=== What the exercise asks ===
Everything in the data must be repeated exactly, apart from the pictures, which are left out.

═════ Data to process ═════

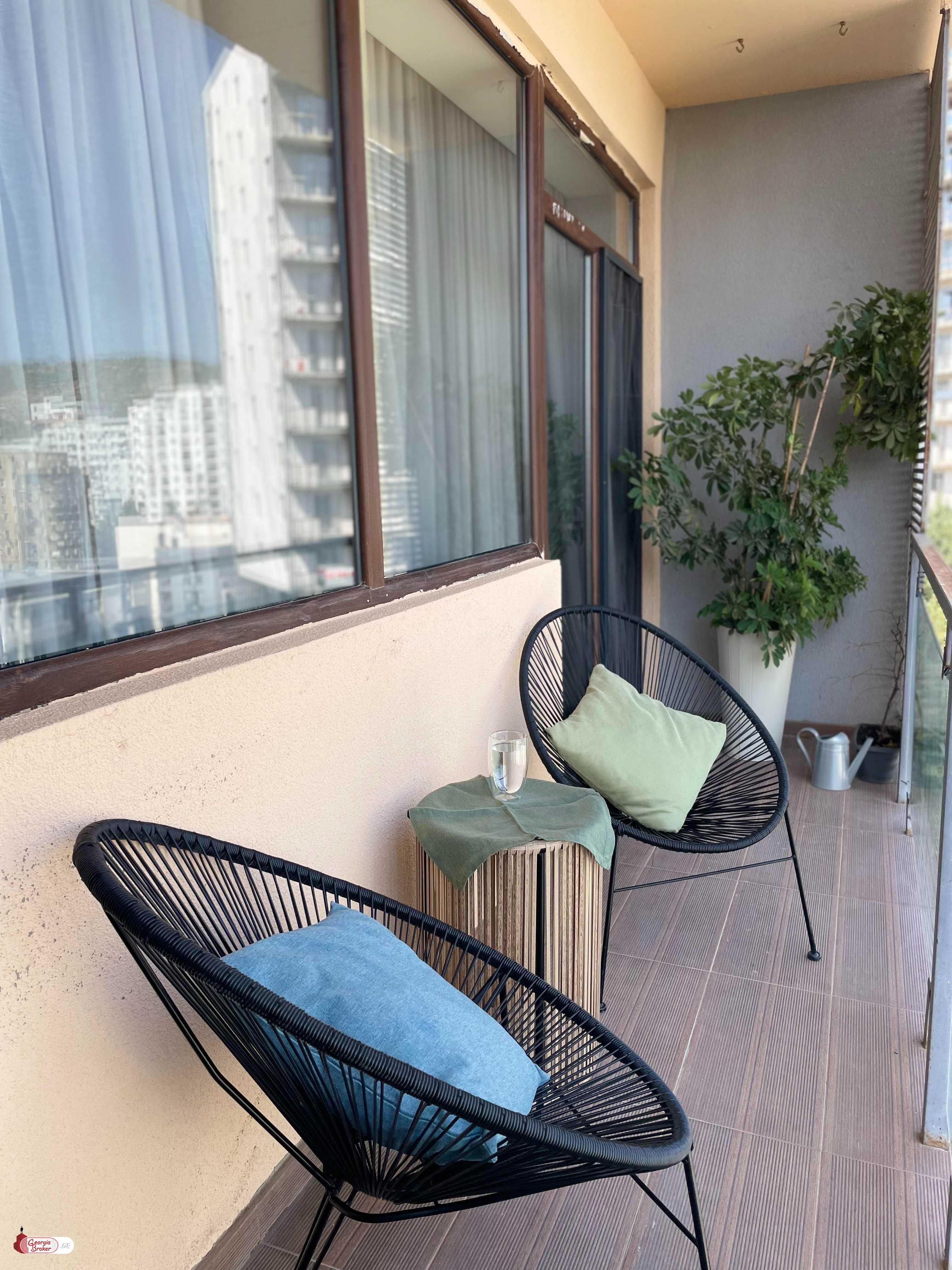 nearly repaired 2-room apartment for sale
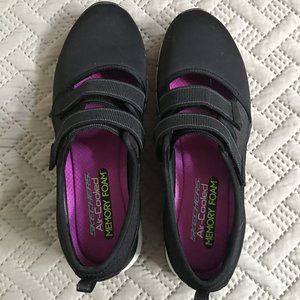 Ladie's SKECHERS Air Colled Memory Foam Walking Shoes, Size US 9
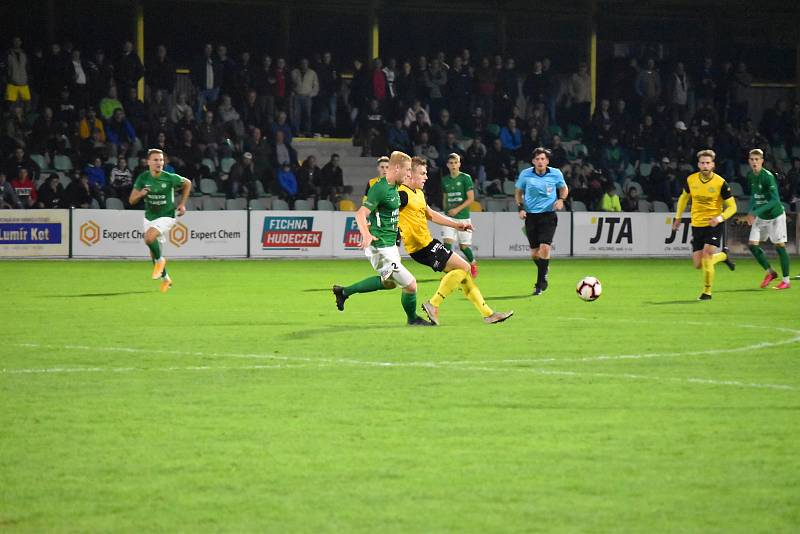 Fotbalisté Petřkovic (ve žluto-černém) při výhře 2:1 v Hlučíně (3. 10. 2020).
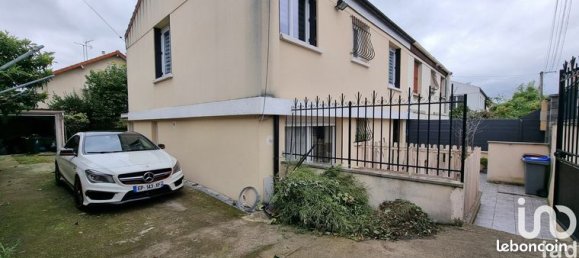 4 bedrooms House in Bezons, France No. 361435 4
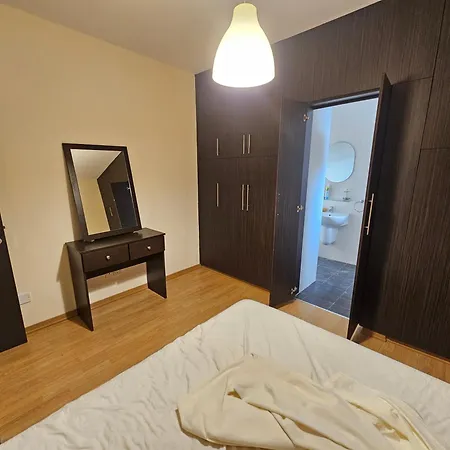 Stefaris Sea & Mountain View Lárnaka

═════

=== Answer box ===
 nearly repaired 2-room apartment for sale
 Ladie's SKECHERS Air Colled Memory Foam Walking Shoes, Size US 9
 Fotbalisté Petřkovic (ve žluto-černém) při výhře 2:1 v Hlučíně (3. 10. 2020).
 4 bedrooms House in Bezons, France No. 361435 4
 Stefaris Sea & Mountain View Lárnaka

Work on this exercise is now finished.